As a developer, your priorities are building high quality homes on time, on budget, and to specification.

However, it’s also important to be aware of the warranties and certifications required. After all, for purchasers of new build homes there are a number of steps that must be taken in order to secure a mortgage.

Typically, mortgage lenders will only issue mortgages on new properties that are covered by either a warranty scheme or the Professional Consultant’s Certificate. Lenders will need assurance that the new build is in good condition and that all necessary steps have been taken to ensure it is a viable and structurally sound building.

What is a Building Warranty?

A structural warranty covers the cost of repairing damage to the property caused by major defects, typically for a period of 10 years after completion. It will also cover any developing defects that could potentially lead to damage, even if the damage has not yet occurred.

A new build warranty is an insurance-backed policy, which will protect the buyers of your homes. If you are a developer planning to sell your properties once they have been built, you will need a new build guarantee.

Who are the Building Warranty providers?

There are three main providers of new build warranties:

  • The National House-Building Council (NHBC)
  • Local Authority Building Control Warranty (LABC)
  • Independent guarantee providers

All three providers operate under the Consumer Code for Home Builders, and the NHBC warranty is the most common, covering 80% of the new-build market.

There are also a number of warranty providers operating under different industry codes of conduct, including BLP, the Federation of Master Builders (FMB), and Checkmate.
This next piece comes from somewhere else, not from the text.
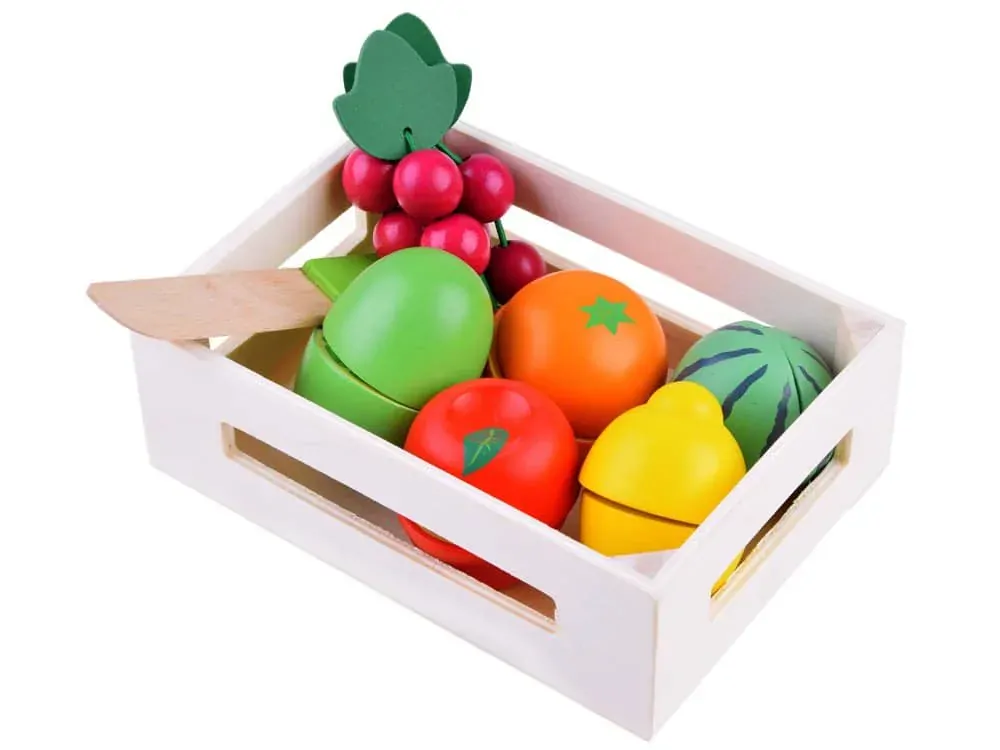 Dřevěné ovoce v bedýnce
What does the building warranty cover?

The warranty will cover:

  • Structural defects
  • The initial two-year builders defect period

The warranty will also usually cover any additional costs incurred as part of a successful claim, as well as the cost of removing any debris, and alternative accommodation arrangements if the damage or remedial work causes significant disruption.

A new build warranty will not cover natural wear and tear, weather damage, or any other issue resulting from improper maintenance of the property. Damp and condensation may be covered, but only if they are deemed to be caused by the builder’s failure to comply with the warranty provider’s standards.

What is a Professional Consultant’s Certificate?

Formerly known as an Architect’s Certificate, a Professional Consultant’s Certificate (PCC) is the minimum requirement requested by a mortgage lender when applying to raise a mortgage against a property that was completed within the last 6 years.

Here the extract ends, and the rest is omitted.